Windfall Taxes on Banks Are a Necessity. They’re Profiting off Government and Won’t Fund Enterprises. It Must Stop

By Billy Mijungu

In an economy grappling with countless challenges, where ordinary Kenyans are struggling to stay afloat, one sector seems completely untouched by the prevailing hardship: the banking industry.

At a time when businesses are closing shop, unemployment is on the rise, and the cost of living is becoming unbearable, banks are reporting record profits with an almost surreal detachment from the realities faced by the rest of the country.

Let us take a look at the recently released full-year 2024 profit results for some of Kenya’s top banks.

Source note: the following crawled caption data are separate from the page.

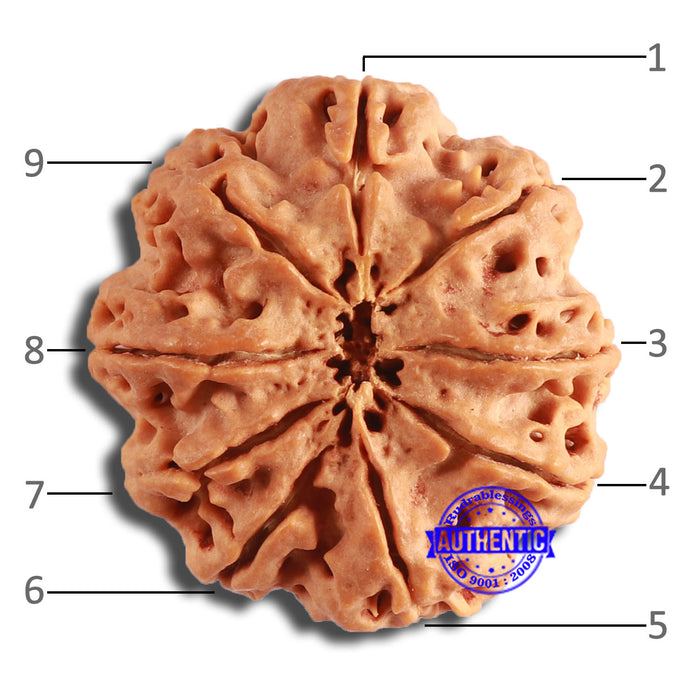 9 Mukhi Nepalese Rudraksha - Bead No. 387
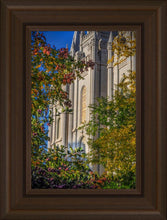 Load image into Gallery viewer, Salt Lake City Temple His Declaration

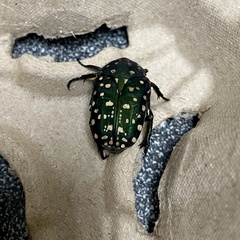 Protaetia niveoguttata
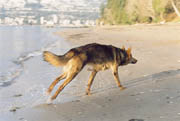 Coyote, Stanley Park, Vancouver, British Columbia.) PHOTO: Phil Flash, February 17, 2000.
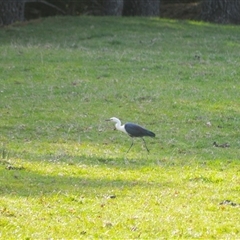 Ardea pacifica (White-necked Heron) at Robertson, NSW - 14 Oct 2024 by plants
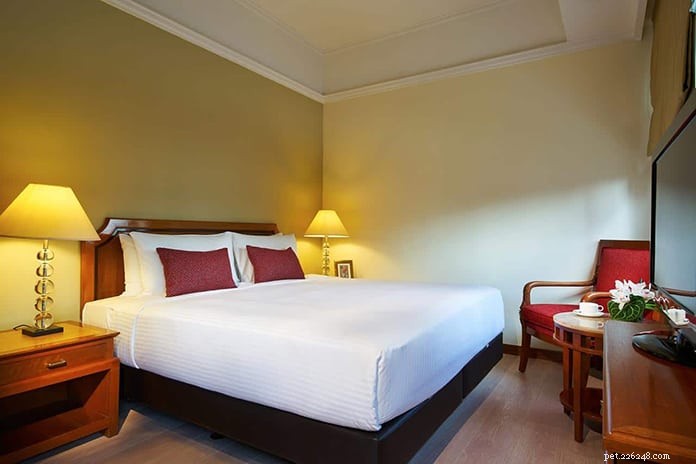 Top 13 Pet‑Friendly Hotels, Serviced Apartments & Chalets in Singapore for the Perfect Staycation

KCB posted a 65 percent jump in profit after tax to Sh62 billion. Equity Bank registered a 12 percent increase to Sh49 billion.

Co-operative Bank’s profits rose by 10 percent to Sh25.5 billion. Standard Chartered reported a 45 percent surge to Sh20 billion.

NCBA earned Sh22 billion, a 2 percent rise.

Absa’s profits went up 28 percent to Sh21 billion.

Stanbic recorded a 13 percent increase to Sh13.7 billion. I&M Bank rose by 22 percent to Sh15.4 billion. DTB was up 13 percent to Sh7.6 billion.

HF Group jumped 35 percent to Sh524 million, and Sidian Bank made a remarkable turnaround with a Sh287 million profit after a loss of Sh448 million in 2023.

These figures paint a clear picture. While the economy is failing, banks are flying.

At the same time, major shareholders and executives are taking home staggering dividends.

The Ndegwa family received Sh1.35 billion from NCBA Group while the Kenyatta family took home Sh1.2 billion.

Equity Bank CEO James Mwangi earned Sh543 million. Co-operative Bank CEO Gideon Muriuki pocketed Sh146 million.

These numbers reveal just how lopsided the current system is, where a few individuals continue to benefit immensely while the majority of Kenyans face increasing economic pressure.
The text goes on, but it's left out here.